Я знаю, что в письме Люка. Извинение за Кейси и за то, что раскрыл ей мое новое имя. Не думаю, что сейчас смогу это прочитать. Убираю конверт в ящик тумбочки и готовлю обед, стараясь не позволить себе погрузиться в мрачное расположение духа. Я слишком труслива, чтобы проверить телефон, когда он гудит чуть позже, волнуясь, что это может быть Люк. Хотя это не так. Это Морган.
Морган: Где ты? Пошли со мной на вечеринку!
Я собираюсь принять душ перед сном. Уже слишком поздно, чтобы идти на вечеринку с подругой. Женщина, кажется, не имеет никакого ощущения времени.
Я: Ты зажигаешь, Морган Кэплер?
Морган: На полную катушку!
Я смеюсь, затем выключаю телефон. Иначе она будет слать мне сообщения всю ночь. Когда чищу зубы, осознаю, что веду себя жалко: я просто должна успокоиться и прочитать проклятую записку Люка. Поэтому в одиннадцать тридцать ложусь в постель, слыша звук пришедшего смс, и вскрываю конверт. Его содержание весьма удивляет меня. Это не извинение. Даже близко не оно. Просто белый лист бумаги с нарисованными на нем четырьмя символами.
Люк: Хоть один из этих символов что-нибудь для тебя значит?
Я моментально узнаю один из них. Тот, что похож на перевернутую цифру восемь, но он довольно распространен. Это символ бесконечности. Я просматриваю остальные знаки, пытаясь вспомнить. Действительно ли какой-нибудь из них мне знаком? Я не уверена. Вряд ли. Переворачиваю лист бумаги, чтобы посмотреть, объяснил ли Люк что-нибудь на обороте, но он чист. Я сижу в постели, смотря на символы в течение еще пяти долгих минут. Почему Люк спрашивает о них? И почему ничего не объясняет? Бесконечно любопытная часть меня хочет, нет, жаждет знать.

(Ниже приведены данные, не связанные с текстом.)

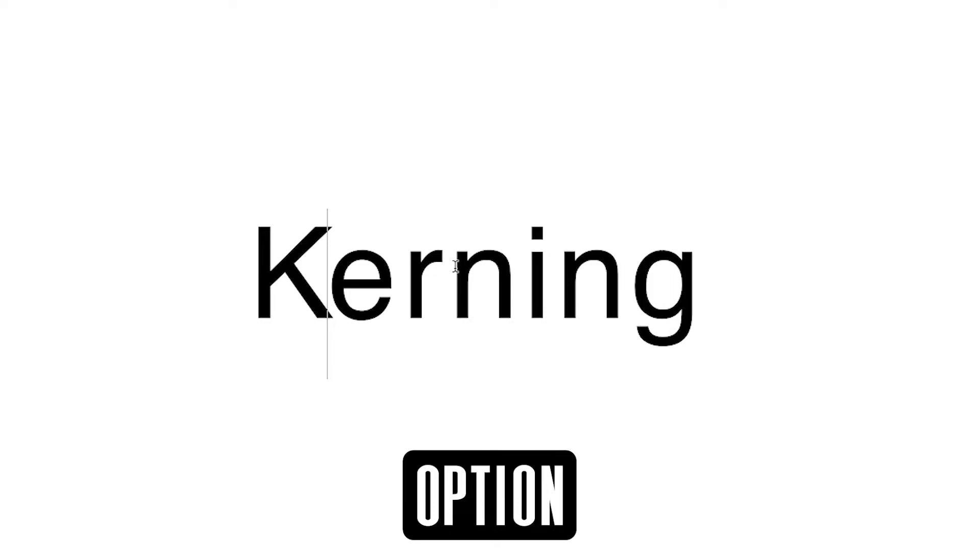If you're using Mac, it would be the Option key. And now you can go through here one by one and adjust the kerning between each letter just like that.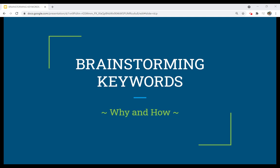As we begin looking for information, whether that's for an article or for images, it's always good to take some time to brainstorm keywords. I'm going to describe why we do that, and then in a separate video, I'll discuss how we go about doing that on the fly, so to speak.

Поэтому он делал это? Звонил мне? Я отбрасываю эту мысль и засовываю конверт назад в ящик. После нескольких минут внутренних споров с самой собой вынимаю сотовый и набираю номер Люка. Я отказываюсь звонить. Нет, только не после того утра возле его квартиры: брезгливости на лице Кейси, ужаса — на его. Я не могу перенести мысль о том, чтобы слышать голос Люка. Вместо этого пишу сообщение:
Я: А что?
Нажимаю «отправить», пока не передумала и не спрятала телефон под подушку, пытаясь выбросить все это из головы. Пару минут спустя приходит ответ.
Люк: Это важно.
Я: Это не ответ.
Люк: Это связано с Вайомингским Потрошителем. У меня все еще есть друзья в полиции Брейка. Они попросили, чтобы я их выручил. Изучаю несколько деталей.
Я понятия не имею, зачем Люк следит за делом Вайомингского Потрошителя, но это может означать только одно — проблемы.

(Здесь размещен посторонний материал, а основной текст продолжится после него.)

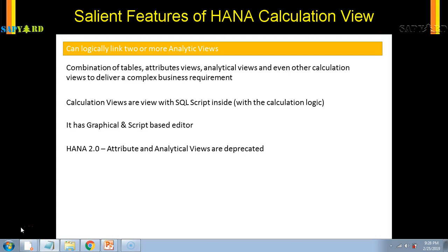But those two separate analytical views would not give you a clear idea of whether the consultant is earning or is a liability. There are many factors to consider. Once we have both analytical views ready, we can join them using calculation views, since attribute views and analytical views do not have the capability to join two analytical views. By joining these two — one for salary paid and another for revenue earned — we can quickly see if the employee is contributing to the growth of the company.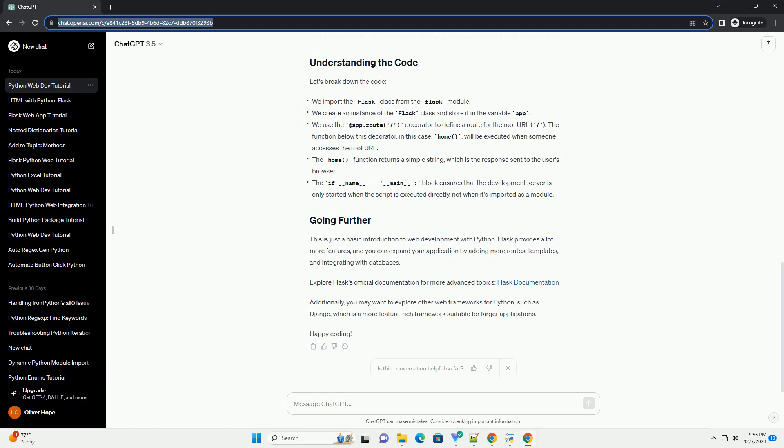Save the file and run it using the following command. You should see output indicating that the Flask development server is running. Open your web browser and navigate to http://127.0.0.1:5000/ or http://localhost:5000/. You should see the message: "Hello, World. This is my first web application with Python." Congratulations!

Я: У тебя есть материалы? Ты их получил?
Я жду, бодрствуя в течение, по крайней мере, получаса, прежде чем получаю ответ.
Люк: Я сейчас на работе. Заканчиваю в 8:00. Тогда и позвоню.

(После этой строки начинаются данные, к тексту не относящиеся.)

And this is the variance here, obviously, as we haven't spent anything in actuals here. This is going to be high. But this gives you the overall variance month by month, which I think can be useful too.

Я не заморачиваюсь с ответом. Какой смысл? Он все равно позвонит, и я действительно хочу знать, есть ли у него те материалы. В них должны быть доказательства, что мой папа невиновен. Там, конечно, не будет никаких улик, чтобы доказать его вину, и в этом я точно уверена. Если у Люка есть… Если у него есть эти файлы, я собираюсь их увидеть. И изучить от корки до корки, пока не найду способ доказать, что мой отец не убивал всех тех девочек.
***
— Что ты затеваешь, Монстрик? — Мне восемь лет, я ныряю в наш закрытый бассейн за морскими ракушками, которые мой отец бросил на мелководье для меня.
— Я русалка, папа.
— Конечно, Монстрик.
Я ворчу на него, обнажая зубы, половина из которых отсутствует.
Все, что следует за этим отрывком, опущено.